Leave out the pictures and repeat the data exactly.

■ GIVEN MATERIAL:
+---+

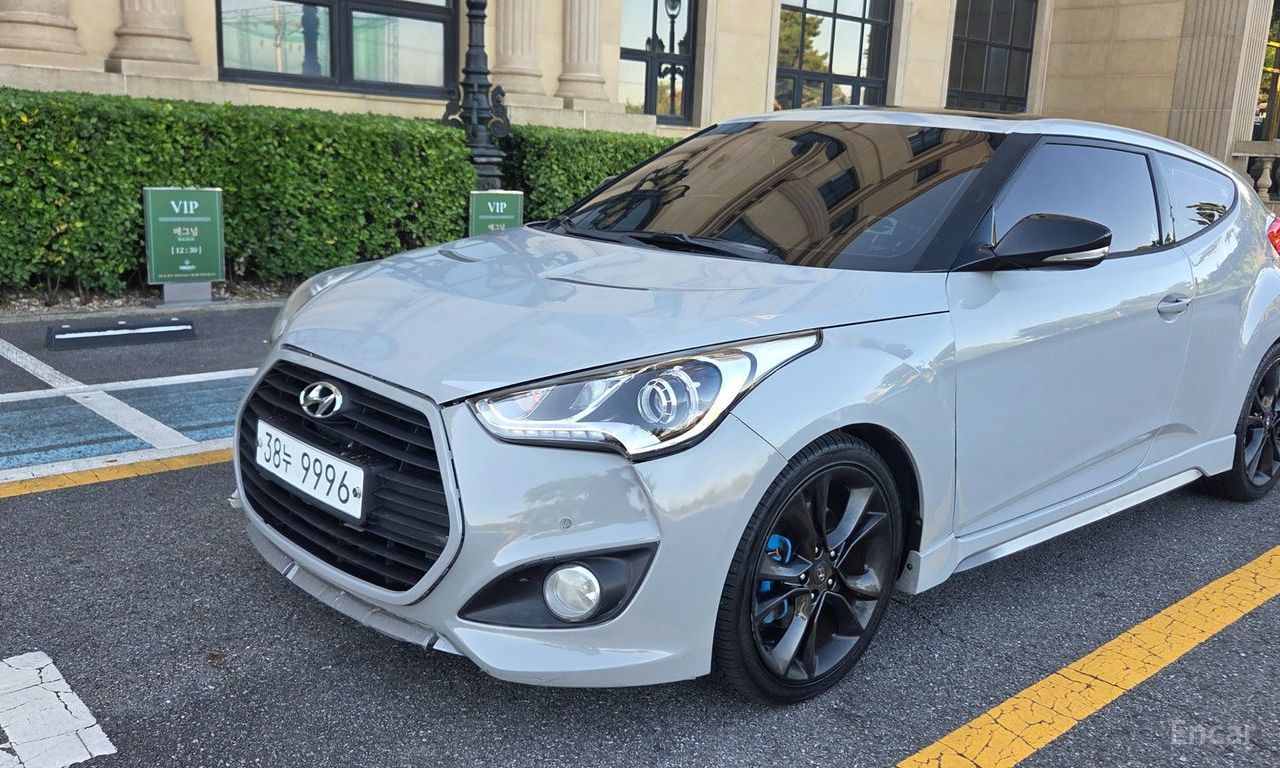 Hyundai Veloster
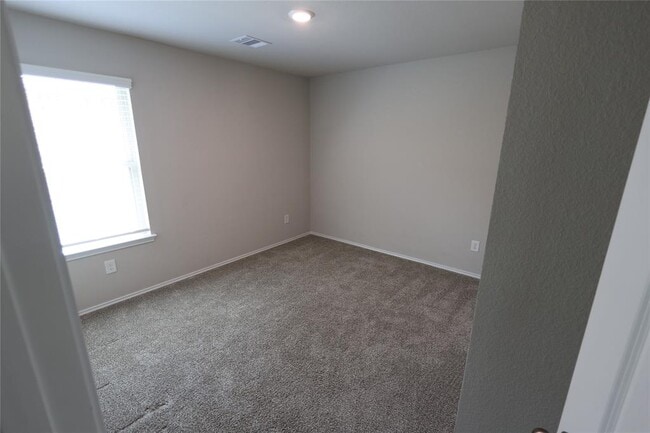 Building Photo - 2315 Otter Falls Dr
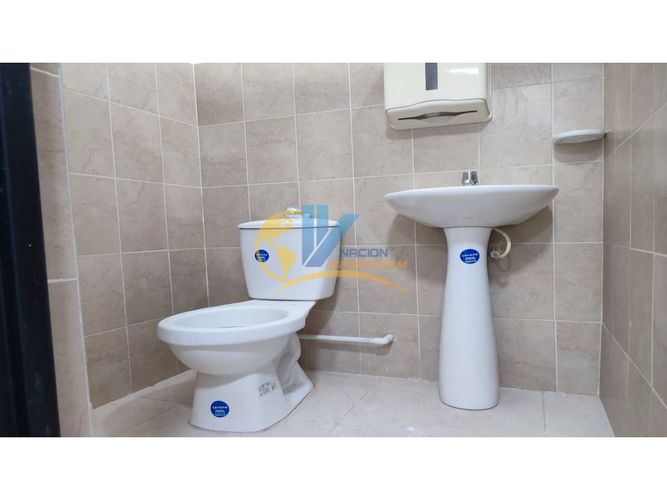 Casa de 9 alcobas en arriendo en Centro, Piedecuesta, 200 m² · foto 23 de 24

+---+

■ SOLUTION TO THIS EXERCISE:
 Hyundai Veloster
 Building Photo - 2315 Otter Falls Dr
 Casa de 9 alcobas en arriendo en Centro, Piedecuesta, 200 m² · foto 23 de 24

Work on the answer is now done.